### Task item
Only the lines from the top of the material through the line containing "Alberts 418403 Bandella" should be restated, each one exactly.
___ Records supplied
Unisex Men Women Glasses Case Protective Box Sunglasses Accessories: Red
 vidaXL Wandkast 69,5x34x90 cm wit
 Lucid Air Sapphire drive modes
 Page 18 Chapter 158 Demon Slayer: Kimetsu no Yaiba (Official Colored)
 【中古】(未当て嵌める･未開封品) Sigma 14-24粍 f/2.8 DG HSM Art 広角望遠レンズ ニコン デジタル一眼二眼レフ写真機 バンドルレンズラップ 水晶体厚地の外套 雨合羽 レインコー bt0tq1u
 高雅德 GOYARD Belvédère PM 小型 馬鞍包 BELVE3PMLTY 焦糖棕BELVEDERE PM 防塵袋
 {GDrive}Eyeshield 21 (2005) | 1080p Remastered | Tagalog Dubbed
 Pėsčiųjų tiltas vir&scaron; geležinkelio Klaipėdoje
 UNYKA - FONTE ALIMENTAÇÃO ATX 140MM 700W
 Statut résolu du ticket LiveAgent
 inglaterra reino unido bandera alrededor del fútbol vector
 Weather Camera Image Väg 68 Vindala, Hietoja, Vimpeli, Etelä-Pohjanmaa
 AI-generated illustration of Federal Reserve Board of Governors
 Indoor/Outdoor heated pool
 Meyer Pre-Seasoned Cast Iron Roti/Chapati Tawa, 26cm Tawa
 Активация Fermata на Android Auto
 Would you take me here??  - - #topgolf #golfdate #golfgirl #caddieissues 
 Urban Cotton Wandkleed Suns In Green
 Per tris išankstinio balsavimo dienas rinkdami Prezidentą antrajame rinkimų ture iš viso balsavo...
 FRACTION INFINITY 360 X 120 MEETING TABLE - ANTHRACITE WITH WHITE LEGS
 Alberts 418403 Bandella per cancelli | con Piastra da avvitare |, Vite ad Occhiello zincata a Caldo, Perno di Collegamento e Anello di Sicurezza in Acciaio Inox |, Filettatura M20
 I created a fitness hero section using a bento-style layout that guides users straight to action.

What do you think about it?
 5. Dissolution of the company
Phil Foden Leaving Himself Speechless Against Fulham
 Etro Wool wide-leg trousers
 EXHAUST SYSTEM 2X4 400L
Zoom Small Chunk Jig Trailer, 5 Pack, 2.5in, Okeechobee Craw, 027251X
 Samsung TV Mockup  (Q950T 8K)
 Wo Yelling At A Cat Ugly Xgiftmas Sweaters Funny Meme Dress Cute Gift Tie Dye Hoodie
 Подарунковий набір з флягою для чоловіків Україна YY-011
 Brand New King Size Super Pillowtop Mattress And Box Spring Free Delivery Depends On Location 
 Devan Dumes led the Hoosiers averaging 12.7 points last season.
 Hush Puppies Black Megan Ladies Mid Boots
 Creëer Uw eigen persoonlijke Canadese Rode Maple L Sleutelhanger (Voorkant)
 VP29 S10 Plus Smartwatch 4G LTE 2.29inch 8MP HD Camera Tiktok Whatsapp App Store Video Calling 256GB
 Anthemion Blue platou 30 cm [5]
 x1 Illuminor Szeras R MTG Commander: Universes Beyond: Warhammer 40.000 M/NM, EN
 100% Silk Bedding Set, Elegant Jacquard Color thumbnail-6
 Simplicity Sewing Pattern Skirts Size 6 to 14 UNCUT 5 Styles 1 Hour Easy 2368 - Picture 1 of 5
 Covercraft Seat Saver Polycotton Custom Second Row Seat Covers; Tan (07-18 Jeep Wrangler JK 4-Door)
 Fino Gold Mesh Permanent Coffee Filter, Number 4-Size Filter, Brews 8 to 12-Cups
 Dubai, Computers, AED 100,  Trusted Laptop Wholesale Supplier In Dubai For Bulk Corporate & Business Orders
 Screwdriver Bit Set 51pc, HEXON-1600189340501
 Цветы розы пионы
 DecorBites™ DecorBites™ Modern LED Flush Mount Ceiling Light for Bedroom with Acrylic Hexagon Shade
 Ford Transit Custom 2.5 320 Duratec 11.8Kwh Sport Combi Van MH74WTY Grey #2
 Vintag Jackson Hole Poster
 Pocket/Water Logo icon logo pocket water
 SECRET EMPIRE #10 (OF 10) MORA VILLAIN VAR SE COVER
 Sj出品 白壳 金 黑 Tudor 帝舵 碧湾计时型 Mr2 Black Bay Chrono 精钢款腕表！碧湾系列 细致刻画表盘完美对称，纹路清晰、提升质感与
______
### Task output
Unisex Men Women Glasses Case Protective Box Sunglasses Accessories: Red
 vidaXL Wandkast 69,5x34x90 cm wit
 Lucid Air Sapphire drive modes
 Page 18 Chapter 158 Demon Slayer: Kimetsu no Yaiba (Official Colored)
 【中古】(未当て嵌める･未開封品) Sigma 14-24粍 f/2.8 DG HSM Art 広角望遠レンズ ニコン デジタル一眼二眼レフ写真機 バンドルレンズラップ 水晶体厚地の外套 雨合羽 レインコー bt0tq1u
 高雅德 GOYARD Belvédère PM 小型 馬鞍包 BELVE3PMLTY 焦糖棕BELVEDERE PM 防塵袋
 {GDrive}Eyeshield 21 (2005) | 1080p Remastered | Tagalog Dubbed
 Pėsčiųjų tiltas vir&scaron; geležinkelio Klaipėdoje
 UNYKA - FONTE ALIMENTAÇÃO ATX 140MM 700W
 Statut résolu du ticket LiveAgent
 inglaterra reino unido bandera alrededor del fútbol vector
 Weather Camera Image Väg 68 Vindala, Hietoja, Vimpeli, Etelä-Pohjanmaa
 AI-generated illustration of Federal Reserve Board of Governors
 Indoor/Outdoor heated pool
 Meyer Pre-Seasoned Cast Iron Roti/Chapati Tawa, 26cm Tawa
 Активация Fermata на Android Auto
 Would you take me here??  - - #topgolf #golfdate #golfgirl #caddieissues 
 Urban Cotton Wandkleed Suns In Green
 Per tris išankstinio balsavimo dienas rinkdami Prezidentą antrajame rinkimų ture iš viso balsavo...
 FRACTION INFINITY 360 X 120 MEETING TABLE - ANTHRACITE WITH WHITE LEGS
 Alberts 418403 Bandella per cancelli | con Piastra da avvitare |, Vite ad Occhiello zincata a Caldo, Perno di Collegamento e Anello di Sicurezza in Acciaio Inox |, Filettatura M20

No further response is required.